Scroll untuk baca artikel
Example floating
Example floating
Example 728x250
HukumKolom

Menempatkan Ulang Pernyataan Menteri Hukum dalam Kerangka Konstitusional

×

Menempatkan Ulang Pernyataan Menteri Hukum dalam Kerangka Konstitusional

Sebarkan artikel ini
Example 468x60

Oleh: Anugrah Alqadri, Direktur Sanlex Forum

Pernyataan seorang pejabat publik selalu membawa dua wajah: wajah personal sebagai individu yang bebas berpendapat, dan wajah institusional sebagai pemegang mandat konstitusional. Jika sebuah pernyataan disampaikan semata-mata sebagai pandangan pribadi, tentu tidak menjadi soal. Namun persoalan muncul ketika pandangan itu keluar dari mulut seorang menteri—posisi yang mengikatnya pada batas-batas kewenangan, prinsip-prinsip ketatanegaraan, dan terutama pada konstitusi.

Example 300x600

Dalam konteks inilah penting untuk mengkritisi pernyataan Menkumham yang menekankan bahwa putusan Mahkamah Konstitusi (MK) “tidak berlaku surut.” Secara teoritis, aspek non-retroaktif memang benar, tetapi ketika disampaikan oleh seorang pejabat eksekutif, narasi seperti itu berpotensi mengingkari ketentuan Pasal 24C UUD 1945 yang menegaskan bahwa MK adalah satu-satunya lembaga yang memiliki kewenangan untuk memberikan makna konstitusional atas suatu norma hukum. Menkumham, sebagai bagian dari eksekutif, tidak dapat mengurangi, memodifikasi, apalagi membangun tafsir administratif terhadap putusan MK. Interpretasi atas putusan tersebut adalah domain eksklusif Mahkamah.

Pernyataan tersebut bahkan berpotensi menabrak sifat final and binding putusan MK. Ketika seorang menteri mengedepankan narasi “tidak berlaku surut” tanpa menjelaskan konsekuensi ke depan, maka yang lahir adalah kesan bahwa putusan MK tidak membawa perubahan apa pun. Ini tidak hanya misleading, tetapi juga melemahkan kewajiban negara untuk mematuhi putusan Mahkamah secara utuh. Norma yang telah dibatalkan MK tidak lagi boleh dipakai, dan ini berlaku langsung sejak tanggal putusan, bukan menunggu penyesuaian dari eksekutif.
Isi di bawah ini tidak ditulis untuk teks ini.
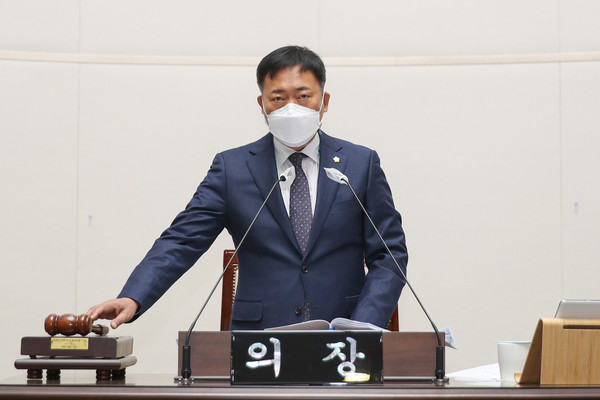 ▲ 성동구의회 이성수 의장.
Dalam konteks kepastian hukum, penekanan berlebihan pada narasi non-retroaktif justru dapat mengaburkan apa yang seharusnya diperjelas. Kepastian hukum setelah putusan MK menuntut bahwa publik memahami dua hal: tindakan masa lalu tidak otomatis dibatalkan, tetapi semua tindakan ke depan harus tunduk pada putusan. Jika hal ini tidak ditegaskan, publik dapat menilai bahwa pemerintah sedang mengamankan status quo, mempertahankan praktik lama yang sudah dikoreksi MK, atau membatasi efek korektif dari judicial review.

Tiga hal ini bukan sekadar kemungkinan, tetapi risiko yang sangat terasa dari pernyataan tersebut. Di mata publik, narasi seperti itu dapat dibaca sebagai bentuk resistensi halus terhadap koreksi MK—sikap yang bertentangan dengan prinsip checks & balances antara eksekutif dan lembaga yudisial. Eksekutif seharusnya menghindari memberi kesan bahwa putusan MK tidak membawa dampak langsung terhadap kebijakan pemerintah.

Bahasa “tidak berlaku surut” memang secara normatif tidak salah. Namun non-retroaktif tidak berarti putusan MK tidak mengikat ke depan secara langsung. Jika seorang menteri hanya menegaskan bahwa tindakan masa lalu tetap sah tanpa menekankan bahwa norma yang dibatalkan tidak boleh lagi digunakan dalam kebijakan yang akan datang, maka pernyataan itu menjadi sepotong. Ia menyampaikan apa yang nyaman untuk disampaikan, tetapi mengabaikan bagian yang paling penting: kewajiban negara untuk segera menyesuaikan praktik administrasi dan pemerintahan sesuai konstitusi.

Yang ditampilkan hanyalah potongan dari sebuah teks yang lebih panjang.